Und das Konzept geht auf – realitätsnahe Personen mit echten Problemen, bei denen man gerne mitfiebert und dabei unterhalten wird. Für sporadische Zuschauer mag es wirken, als würde das Schicksalsrad alle Figuren jede Woche aufs Neue verschlingen und die Würfel neu werfen da die Produktionsfirma auf Drama setzt – und auch öfters neue Ableger schafft.

Schon seit 2011 erfreut sich Berlin Tag und Nacht mit mittlerweile über 2.700 Episoden bester Einschaltquoten. Nicht weniger erfolgreich ist da Köln 50667, das ebenso auf RTL2 läuft und seit 2013 über 2.300 Episoden hervorgebracht hat.
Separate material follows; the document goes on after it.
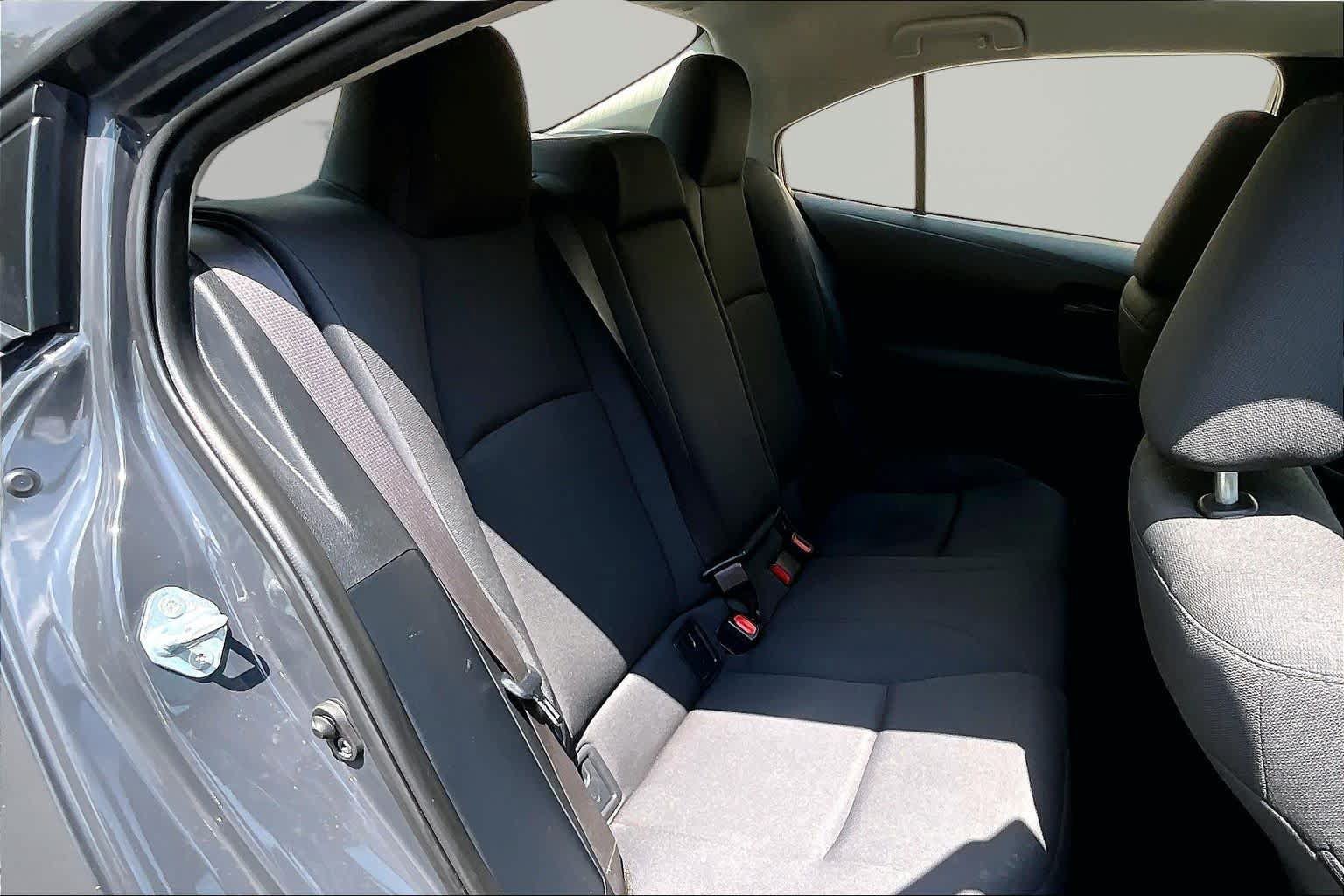 Certified 2024 Toyota Corolla LE FWD image 20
Als die beiden Spitzenreiter preschen sie voran, was nicht an der leichten Zugänglichkeit für besonders junge Zuschauer liegt.

Während man meinen mag, es gäbe mit Abertausenden Folgen und Ablegern im gleichen Serienuniversum bereits ausreichend Seifenopern, so sieht die Filmpool Film- und Fernsehproduktion noch viel ungenütztes Potenzial und setzt einen oben drauf. Dabei will man bei neuen Ablegern nicht nur »irgendeine eine weitere Seifenoper schaffen, sondern die Grenzen des Machbaren weiter ausloten«, heißt es offiziell im Blog von RTL2 und verkündet auch schon den Namen einer neuen Dailysoap.

Das Niveau soll sinken…

…und mit ihm der Blick auf der Landkarte. »Eine weitere Seifenoper in einer weiteren Großstadt wollten wir nicht. Das hätte auch nicht gezogen«, heißt es von Vittorio Valente, dem Hauptproduzenten von Berlin Tag und Nacht und Köln 50667. »Die Zuschauer von heute sind wählerischer und weitaus kritischer zu überzeugen als damals. Sie müssen von der ersten Folge an interessiert, oder besser noch fasziniert sein.«

Nach Erfolgen von Bauer sucht Frau (nebst Ableger Brauer sucht Frau) und Schwiegertochter gesucht stand fest – die neue Serie musste sich auf dem Land bewegen. Weg vom Beton, rein in die Misthaufenregion der 9er Postleitzahlen. Niederbayern!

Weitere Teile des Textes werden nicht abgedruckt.